Now $a_n$ is divisible by $99$ if and only if it is divisible by $9$ and $11$, and the sequence is designed so we can easily tell what the digits are. Writing $b_n$ for the sum of the digits of $a_n$, we have

$$b_2=7+7, b_3=7+8+7,b_4=7+8+8+7,$$

etc. Mod $9$, each successive term subtracts one. Inductively, one sees that $a_n$ is divisible by nine if and only if $n=9k+7$ for some $k$.
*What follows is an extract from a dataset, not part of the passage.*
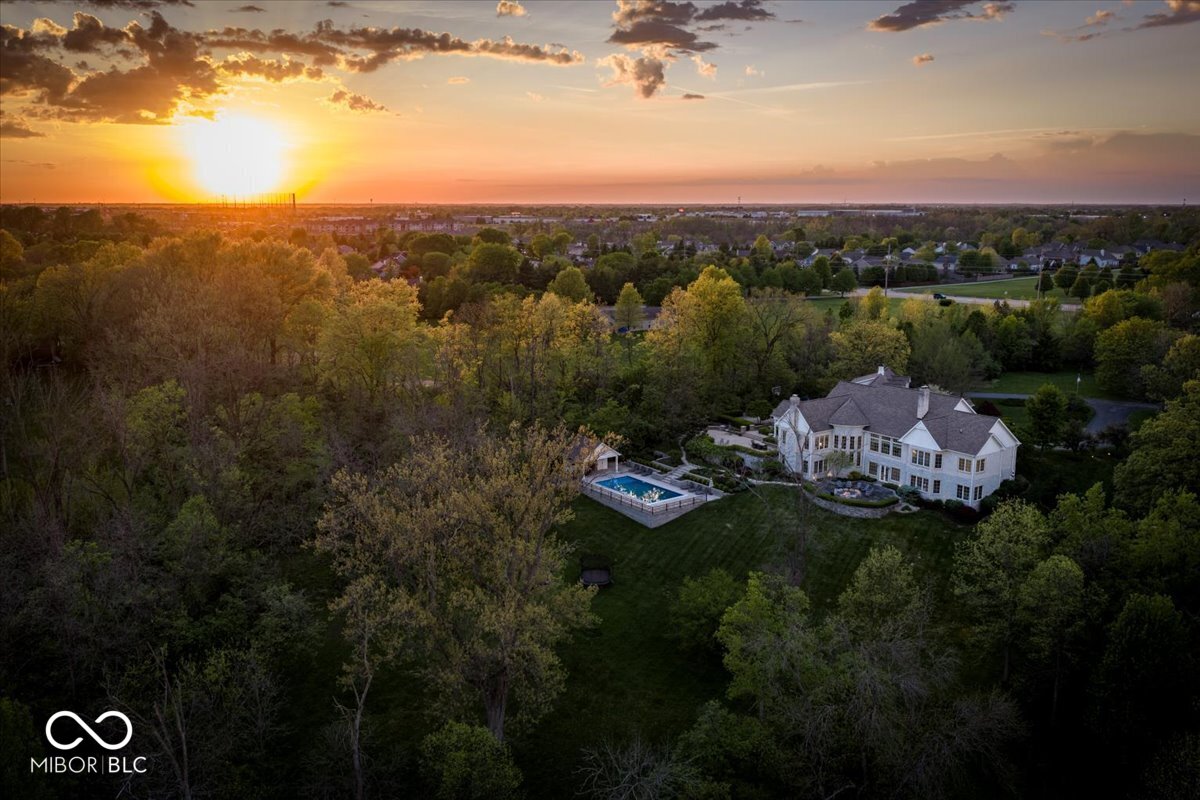 Aerial sunset view of the sold Anchorage lakefront estate in Fishers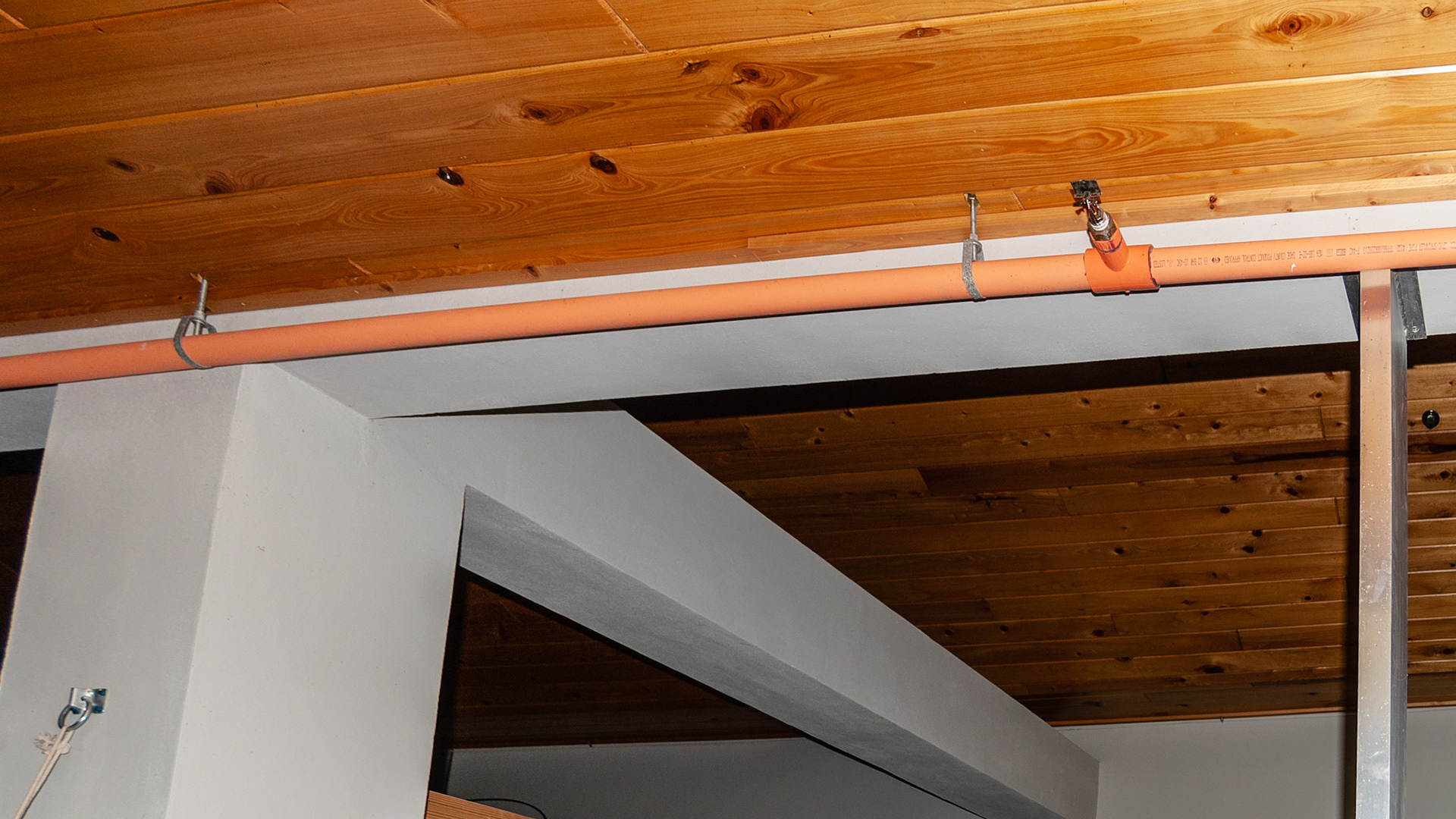Sprinkler systems inside a barn. An orange plastic pipe dedicated to the fire sprinkler system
Now let $c_n$ be the alternating sum of the digits. We have

$$c_2=2-5+3-4,c_3=2-5+3-5+3-4,$$ etc. In other words,

$$c_2=-4,c_3=-6,c_4=-8,$$ etc. Inductively, $c_n=-2n$, and $a_n$ is divisible by $11$ if and only if $n=11k$.

All together, $a_n$ is divisible by $99$ if and only if $n\equiv 7\pmod 9$ and $n\equiv 0\pmod {11}$. It is then straightforward to use the Euclidean algorithm to find the set of solutions $\{88+99k:k\in\Bbb Z\}$.